La ricerca ha analizzato lo stato d'animo degli utenti di Twitter nel Regno Unito, dimostrandone i diversi cambiamenti d’umore: in particolare, i ricercatori hanno osservato un significativo aumento di umore negativo, come rabbia e paura, in coincidenza dell'annuncio dei tagli alla spesa e delle rivolte della scorsa estate che hanno colpito il Regno Unito. Mentre, il matrimonio reale ha generato un effettivo senso di pace e serenità.

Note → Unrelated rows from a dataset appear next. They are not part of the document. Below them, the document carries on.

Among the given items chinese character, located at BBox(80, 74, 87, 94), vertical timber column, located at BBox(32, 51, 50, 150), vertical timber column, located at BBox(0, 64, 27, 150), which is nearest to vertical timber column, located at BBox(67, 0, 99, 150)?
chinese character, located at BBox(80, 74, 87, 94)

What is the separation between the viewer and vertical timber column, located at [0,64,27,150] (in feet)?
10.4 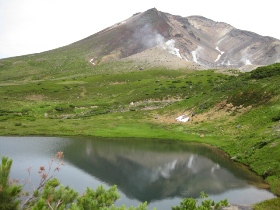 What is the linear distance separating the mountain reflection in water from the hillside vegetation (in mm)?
3840

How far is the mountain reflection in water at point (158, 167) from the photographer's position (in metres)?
36.3

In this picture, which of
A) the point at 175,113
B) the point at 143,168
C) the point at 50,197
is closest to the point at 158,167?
the point at 143,168

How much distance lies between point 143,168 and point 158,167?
2.58 metres

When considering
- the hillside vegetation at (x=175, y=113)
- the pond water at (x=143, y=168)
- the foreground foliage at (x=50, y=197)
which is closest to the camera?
the foreground foliage at (x=50, y=197)

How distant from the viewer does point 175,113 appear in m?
85.2

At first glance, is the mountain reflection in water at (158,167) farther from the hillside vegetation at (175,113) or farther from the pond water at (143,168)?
the hillside vegetation at (175,113)

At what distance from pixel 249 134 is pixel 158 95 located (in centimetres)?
6515

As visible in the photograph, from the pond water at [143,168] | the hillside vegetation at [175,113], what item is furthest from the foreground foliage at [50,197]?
the hillside vegetation at [175,113]

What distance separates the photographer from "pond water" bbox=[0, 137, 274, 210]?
3428 cm

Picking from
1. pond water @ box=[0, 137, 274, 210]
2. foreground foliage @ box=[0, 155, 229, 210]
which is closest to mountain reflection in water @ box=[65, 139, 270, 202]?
pond water @ box=[0, 137, 274, 210]

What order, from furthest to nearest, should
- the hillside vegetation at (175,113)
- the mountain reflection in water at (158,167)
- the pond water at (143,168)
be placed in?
the hillside vegetation at (175,113) → the mountain reflection in water at (158,167) → the pond water at (143,168)

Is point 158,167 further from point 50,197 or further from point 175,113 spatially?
point 175,113

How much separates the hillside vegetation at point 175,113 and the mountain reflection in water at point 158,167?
3840mm

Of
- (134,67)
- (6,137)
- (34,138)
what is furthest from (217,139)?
(134,67) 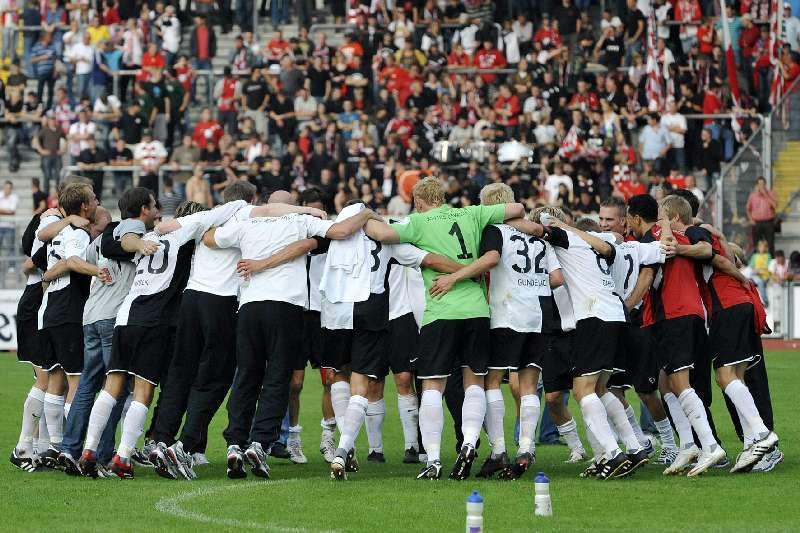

In questo studio i ricercatori si sono concentrati sulla "misura" degli stati d'animo, e dei suoi cambiamenti, di un ampio campione della popolazione del Regno Unito.
Una raccolta di 484 milioni di tweet generati da più di 9,8 milioni di utenti provenienti dal Regno Unito sono stati analizzati tra il luglio 2009 e il gennaio 2012: un periodo caratterizzato dalla crisi economica e dalle tensioni sociali.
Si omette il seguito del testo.